Beach Parks Crafts | Vissla’s 2024 Shaping Space

Vissla’s 2024 Shaping Space | ʻEhukai Beach Park, Oahu


My phone rang two days before the Vissla head office closed for Christmas break. “We need you in Hawaii for the WSL Pipe Pro presents by Lexus in January. We are the co-sponsors of the event with Florence Marine X. Oh and we want you to design and build a shaping space, in which you will host local young Hawaiian shapers at the Eiuhkai beach park. Get some design ideas together and some solid numbers for the build.”
Flying in to Hawaii never gets old. The colors strike one first. All that blue for so many miles. And then the green lush landscape behind the reef pass that we love. It was windy on arrival. Kona winds. They would blow hard for most of the trip and with excessive rainfall, be normal conditions to begin building things out. 

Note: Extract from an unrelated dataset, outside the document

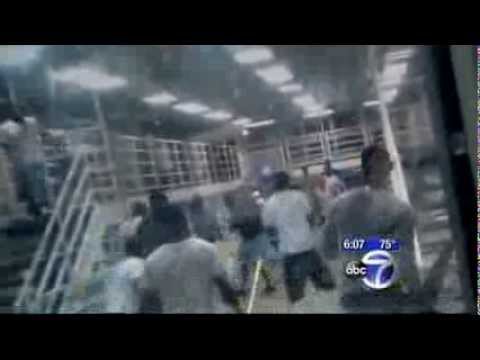 Guards do nothing as inmates fight at Rikers Island Gladiator School !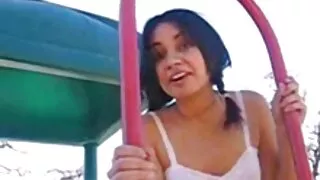 Lissom Booty femme mure jeune nympho aux cheveux rouges en talons prend un gode rouge pour taquiner sa chatte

The idea was to support the Vissla CT-shaper rankings on the WSL. There would be spots pre-recorded, interspersed during the live broadcast of the previous years front runners and some influential Hawaiian manufacturers too. We had things from Matt Biolos (Mayhem, who won the last years title), Darren Hanley of DHD, Britt Merrick of CI surfboards and Sharp Eye’s Marcio Zuovi in the can. First stop for interviews straight off the plane was Glen Pang. A kind man with more years of experience than you’d guess and friendly family atmosphere in the spacious facility on top of the hill. The iconic air brush art works and ying-yang logo just get you fired up to surf town and country. We would and we did. In fact we got some waves to remember forever and stoke to last a long time. 
 On the East side Tokoro guys welcomed us with plenty story and an update of their current work flow and family concern involving Wade’s difficult recovery. Kerry Tokoro and Gen Asano filling their daily rolls and some. Doing many boards for the world’s best at the current events.  
I’ve been to Eric Arakawa’s factory a couple times, but it never gets old and he’s always willing to share what he’s working on with the entire team. It was getting late afternoon by now, but I didn’t want to turn down a cup of coffee that he offered. He brought it out in Dick Brewer mug. A small, slow half-nod and soft wink went with the delivery. “I choose that mug for you.” He said with a smile and we continued conversation on and off camera in his shaping bay. 
 John Pyzel was borderline exhausted and looked the part; post workout. “Sorry I’m late, I just finished this big shoot in my bay for Samsung, they had all the windows closed and a haze machine on, it was wild, so many people!” We were in and out efficiently and as busy as things were just previous to our arrival, John was fully engaged, brimming with design ideas and thoughts on weather and waves ahead. 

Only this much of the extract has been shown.